▼

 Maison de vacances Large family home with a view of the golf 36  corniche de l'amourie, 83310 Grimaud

▲
▼

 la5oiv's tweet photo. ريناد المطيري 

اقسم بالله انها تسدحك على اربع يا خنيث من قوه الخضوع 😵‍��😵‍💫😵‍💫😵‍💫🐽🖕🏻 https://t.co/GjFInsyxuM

▲

Task prompt:
Look above for the line holding "la5oiv's tweet photo. ريناد المطيري" and the line holding "اقسم بالله انها". Retype both, and every line between them, word for word and nothing else.

Answer section:
 la5oiv's tweet photo. ريناد المطيري 

اقسم بالله انها تسدحك على اربع يا خنيث من قوه الخضوع 😵‍��😵‍💫😵‍💫😵‍💫🐽🖕🏻 https://t.co/GjFInsyxuM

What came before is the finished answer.